# Assignment:
Skip the pictures. Output only the lines below starting at the line with "11-116 Silver Crest Drive Nw, Calgary, AB" and ending at the line with "Best Western Plus Bass Hotel & Suites", both ends included, exactly as they are.

# Data for analysis:
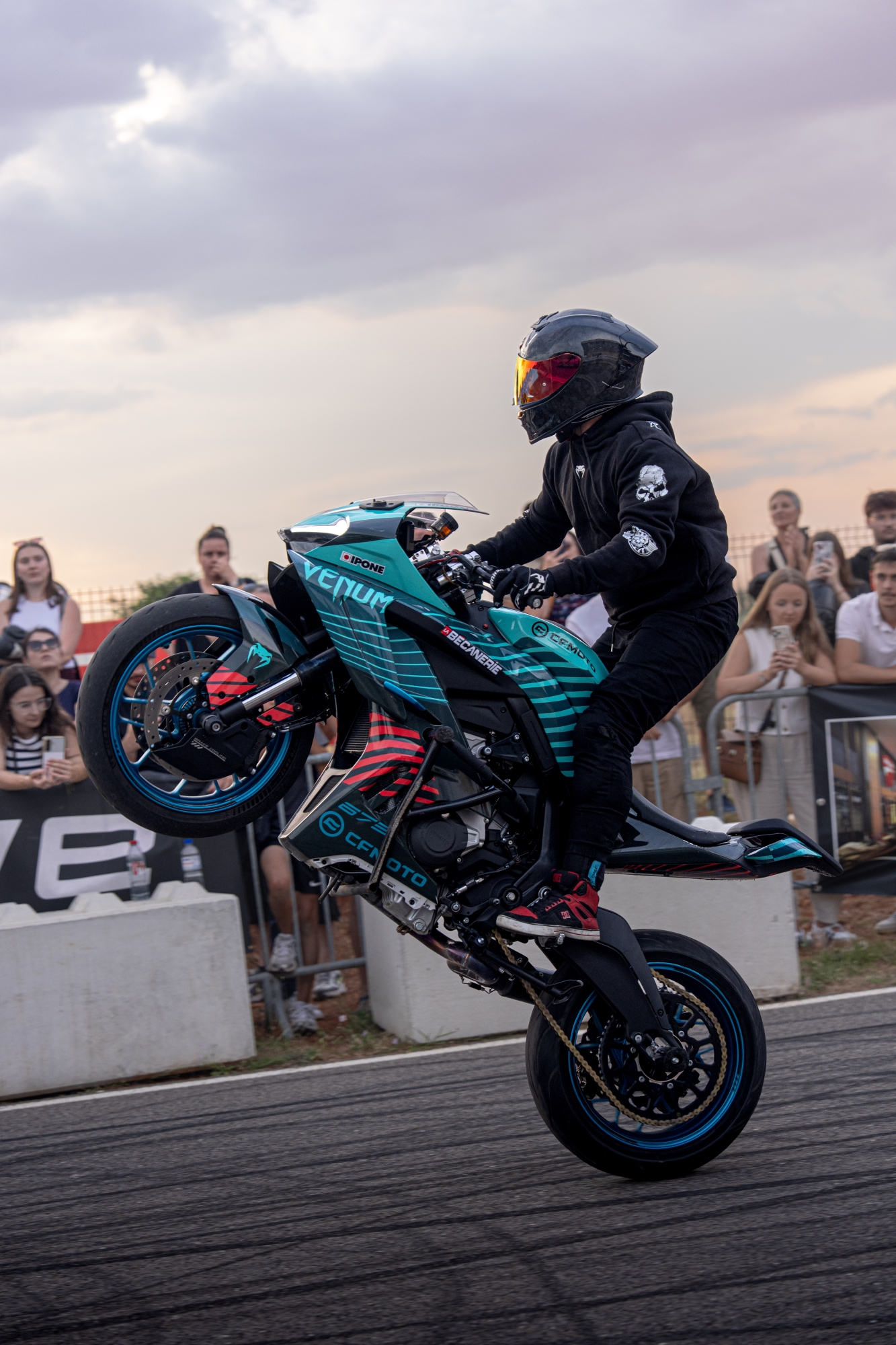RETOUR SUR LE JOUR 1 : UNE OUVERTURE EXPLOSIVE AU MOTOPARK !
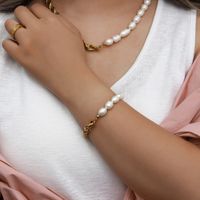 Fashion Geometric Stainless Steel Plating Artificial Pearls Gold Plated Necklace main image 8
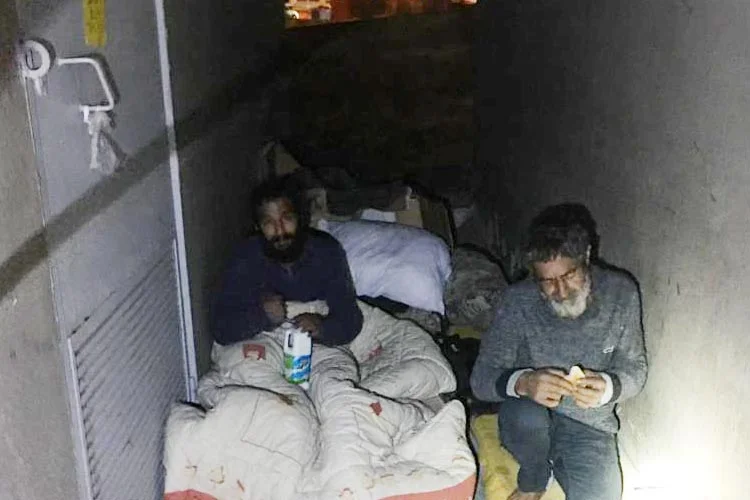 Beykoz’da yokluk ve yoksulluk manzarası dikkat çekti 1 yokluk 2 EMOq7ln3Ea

---

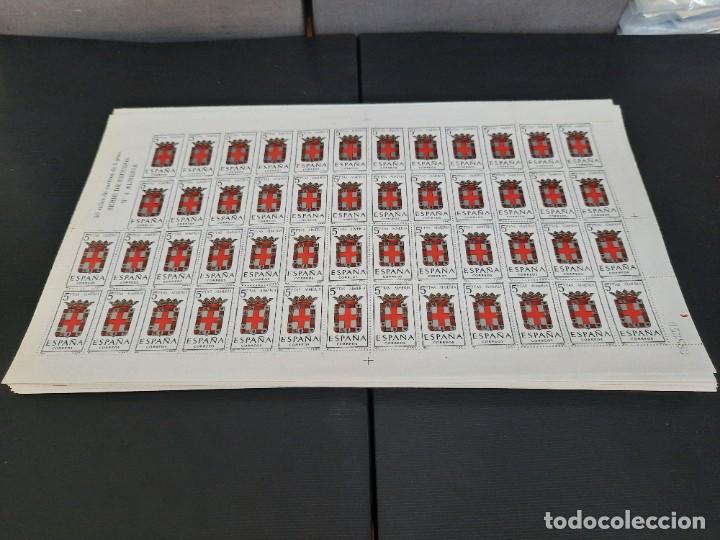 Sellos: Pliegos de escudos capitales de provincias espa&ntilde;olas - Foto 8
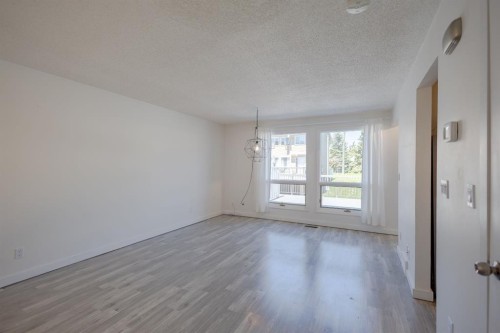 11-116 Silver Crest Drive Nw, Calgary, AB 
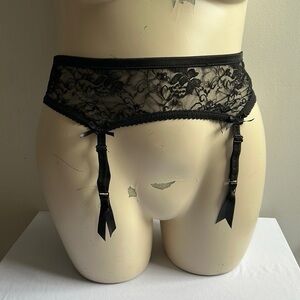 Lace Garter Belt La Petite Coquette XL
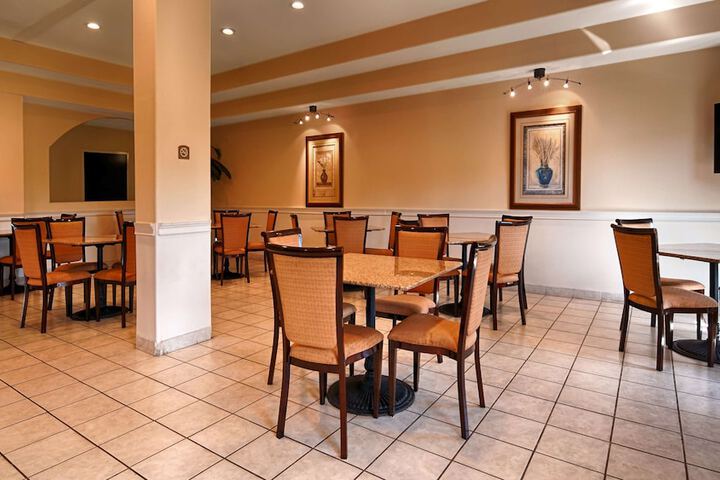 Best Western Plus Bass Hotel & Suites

# Answer to this problem:
 11-116 Silver Crest Drive Nw, Calgary, AB 
 Lace Garter Belt La Petite Coquette XL
 Best Western Plus Bass Hotel & Suites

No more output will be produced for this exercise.